* Task to complete:
Return only the final portion of the entries: the line with "this 675×900 image." and every line after it, each one exact.

* Data under study:
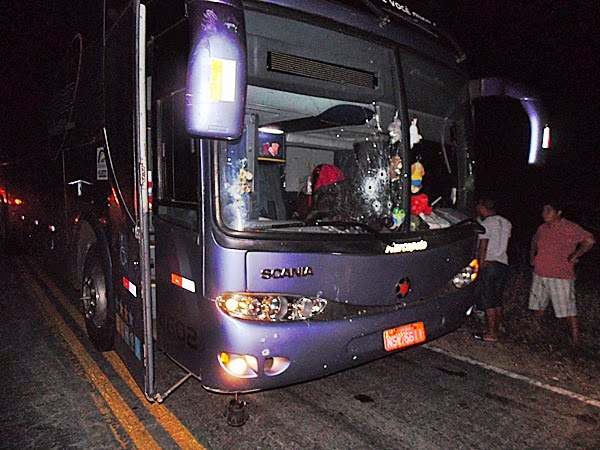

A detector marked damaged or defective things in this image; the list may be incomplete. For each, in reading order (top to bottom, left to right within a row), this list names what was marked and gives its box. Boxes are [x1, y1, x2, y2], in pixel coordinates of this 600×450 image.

shattered windshield [216, 63, 474, 236]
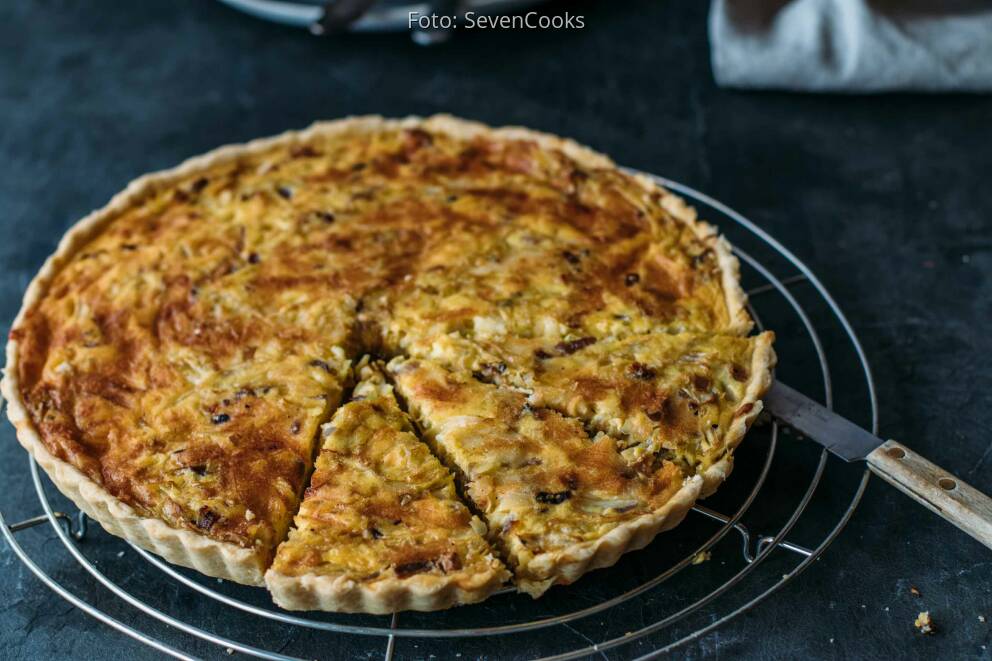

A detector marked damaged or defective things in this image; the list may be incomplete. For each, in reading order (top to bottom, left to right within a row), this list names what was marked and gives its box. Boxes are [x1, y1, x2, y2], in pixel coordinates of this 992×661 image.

charred specks on surface [536, 490, 572, 506]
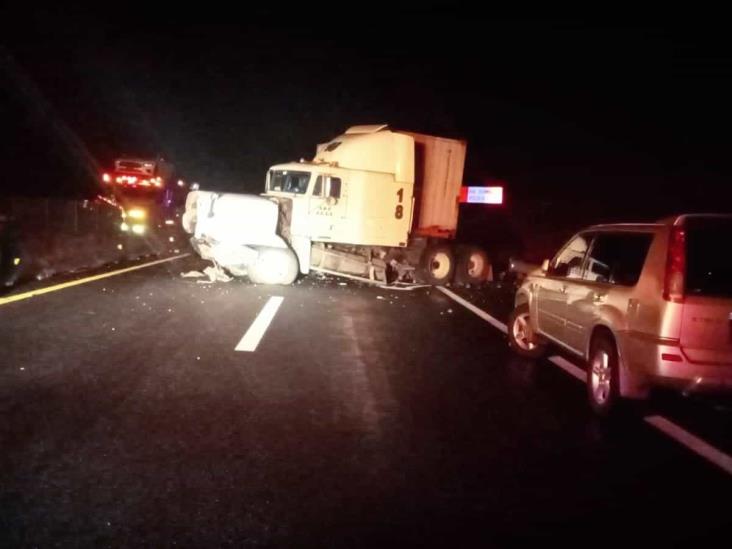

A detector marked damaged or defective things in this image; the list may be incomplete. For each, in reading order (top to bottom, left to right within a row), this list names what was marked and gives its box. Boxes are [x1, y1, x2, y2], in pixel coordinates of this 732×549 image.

damaged front end [183, 191, 300, 284]
crashed vehicle [183, 124, 492, 284]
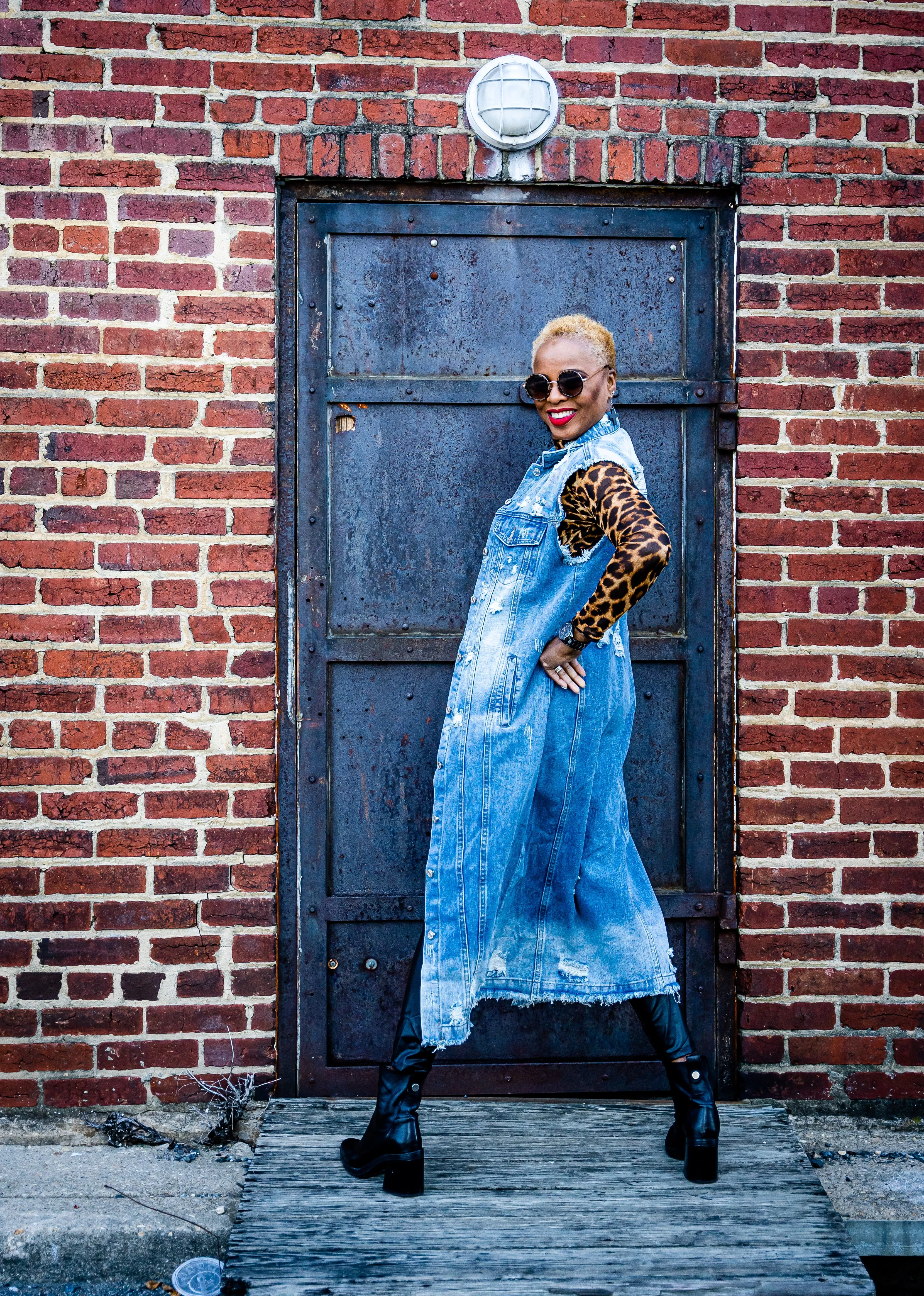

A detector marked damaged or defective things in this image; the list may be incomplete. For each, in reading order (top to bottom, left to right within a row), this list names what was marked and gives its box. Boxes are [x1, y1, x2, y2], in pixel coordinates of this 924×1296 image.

rusty steel door [276, 192, 736, 1099]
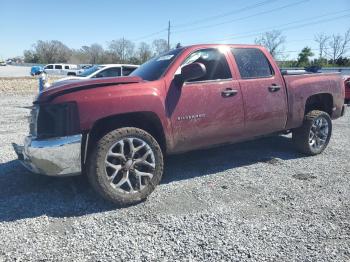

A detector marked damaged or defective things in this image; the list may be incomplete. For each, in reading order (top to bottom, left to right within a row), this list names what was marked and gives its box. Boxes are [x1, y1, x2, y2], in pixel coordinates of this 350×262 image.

crumpled hood [36, 75, 144, 102]
damaged front end [12, 101, 82, 177]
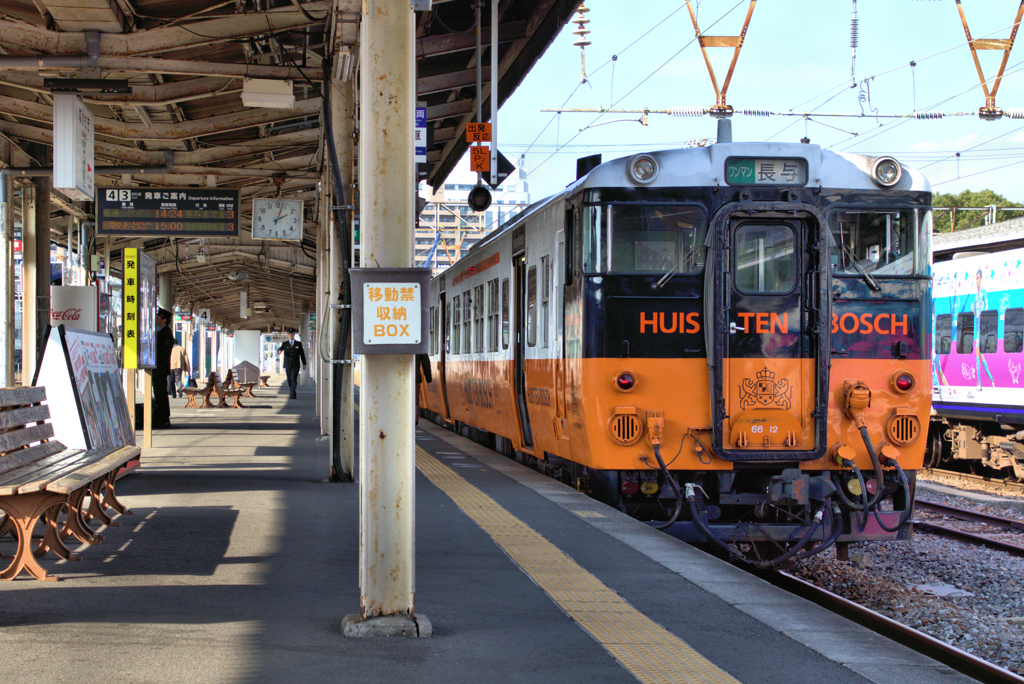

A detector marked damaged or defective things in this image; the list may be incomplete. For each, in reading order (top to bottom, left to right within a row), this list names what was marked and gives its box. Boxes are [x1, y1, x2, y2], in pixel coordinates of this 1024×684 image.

rusty metal pole [339, 0, 428, 638]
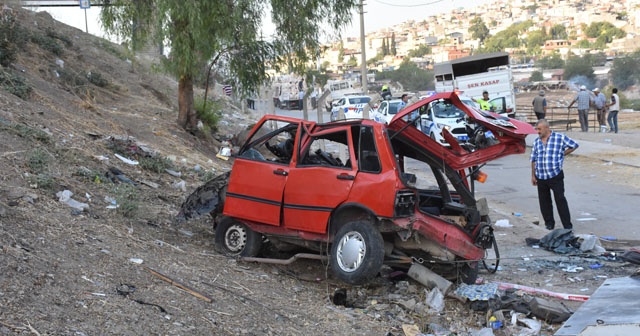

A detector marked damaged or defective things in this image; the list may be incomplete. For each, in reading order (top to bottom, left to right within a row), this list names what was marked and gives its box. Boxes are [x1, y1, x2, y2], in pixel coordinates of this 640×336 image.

destroyed red car [180, 92, 536, 286]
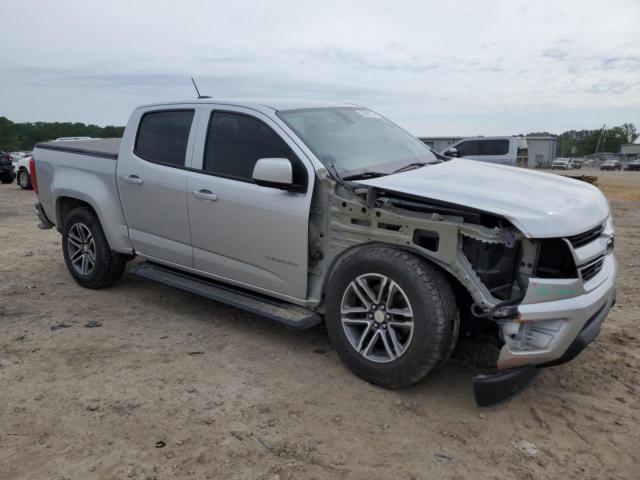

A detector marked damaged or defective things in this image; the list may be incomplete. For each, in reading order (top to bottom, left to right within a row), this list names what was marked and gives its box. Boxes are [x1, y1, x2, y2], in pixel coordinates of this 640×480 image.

damaged front end [308, 171, 616, 406]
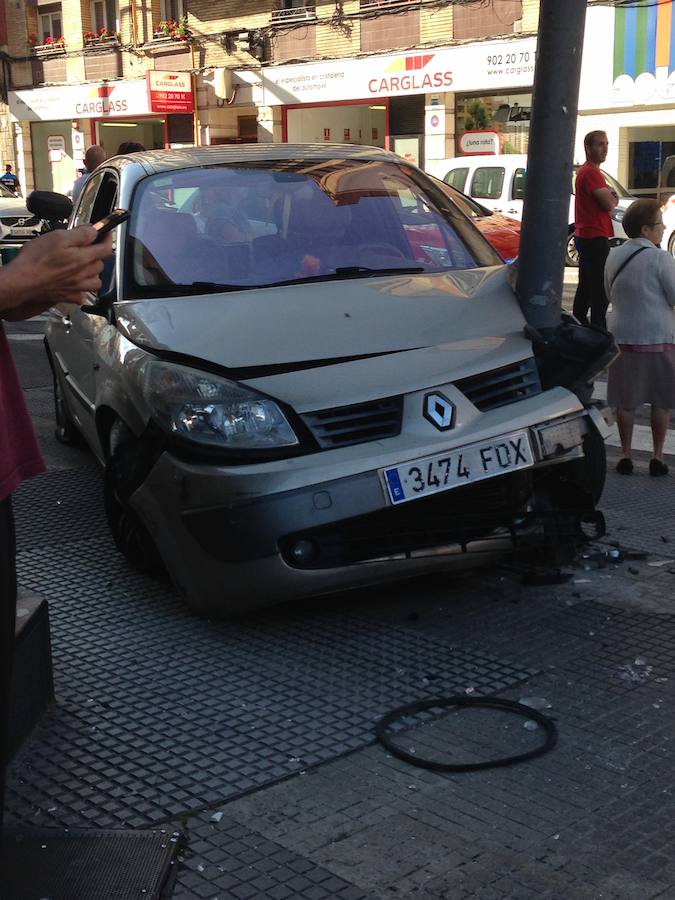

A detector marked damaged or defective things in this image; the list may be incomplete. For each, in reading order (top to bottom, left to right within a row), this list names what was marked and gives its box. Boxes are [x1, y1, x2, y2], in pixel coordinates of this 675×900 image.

damaged renault car [42, 144, 612, 616]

* Expected output:
A detector marked damaged or defective things in this image; the list may be incomplete. For each, in reading order (top to bottom, left to right within a row), this list names what was marked and gives its box. Boxes are [x1, y1, x2, y2], in pixel coordinates of this 675×900 image.

damaged renault car [42, 144, 612, 616]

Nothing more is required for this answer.